Will Gold Matter in the Post-apocalypse?

actually, if you go by the “fallout”(a popular pc/console game) theory of currency the new currency will be a material that was commonly made before the nukes but not made after … Since their culture is based on the 50s bomb shelter culture they use the old 16oz bottle metal bottlecaps…

I thought anything rare and cannot be mass produced would make for good currency.
Isn’t that why gold became currency in the first place?
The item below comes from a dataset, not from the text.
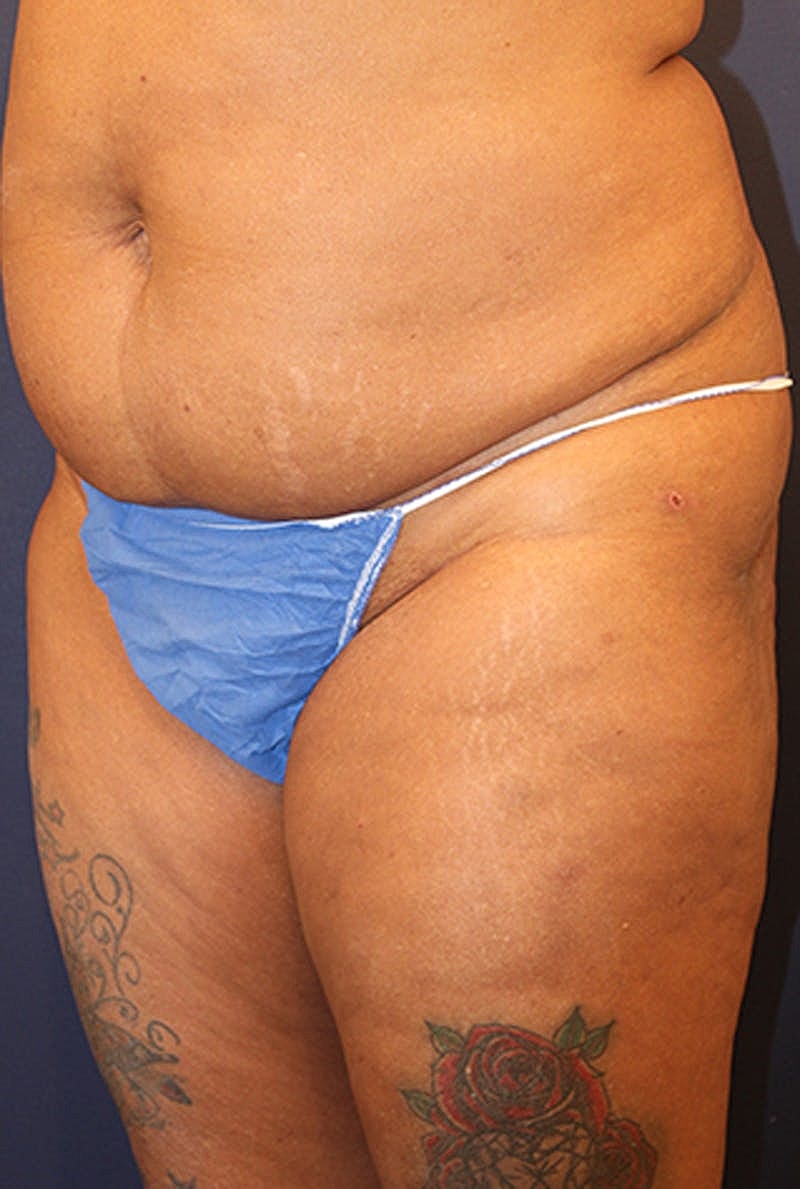 Liposuction Before & After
Silver wards off vampires. Gold wards off… cockroaches? No, doesn’t bother them. Gold is extremely valuable in microelectronics and human imagination but of little use elsewhere. Not even in dental work now. Hint: Avoid gold teeth, you’ll only excite the bandits. They have pliers. Smile.

How does society collapse? Doesn’t matter - 90% will die quickly once food and medical supplies are stripped. Who will survive? The best-organized groups, not marauding thug-gangs or staunch individualists. LUCIFER’S HAMMER lays out a not-unlikely (if skewed) scenario.

Where would I want to be if the apocalypse doesn’t maim me? At an Elks Lodge next to a hospital by a farm. Will gold matter? Not as much as tending poultry.

That’s why gold was used as a currency five thousand years ago.

But how many other five thousand year old ideas are still the best available option?

Sure gold will have value. It has value right now.

But if you offered me a choice between a hundred thousand dollars in American currency and a hundred thousand dollars worth of gold, I would take the currency. I would take the currency even if you told me I had to wait ten years to collect.

No, it became currency because it’s shiny and pretty and back then we thought that meant it was magical.

This topic gets debated endlessly in"survivalist" and “prepper” circles…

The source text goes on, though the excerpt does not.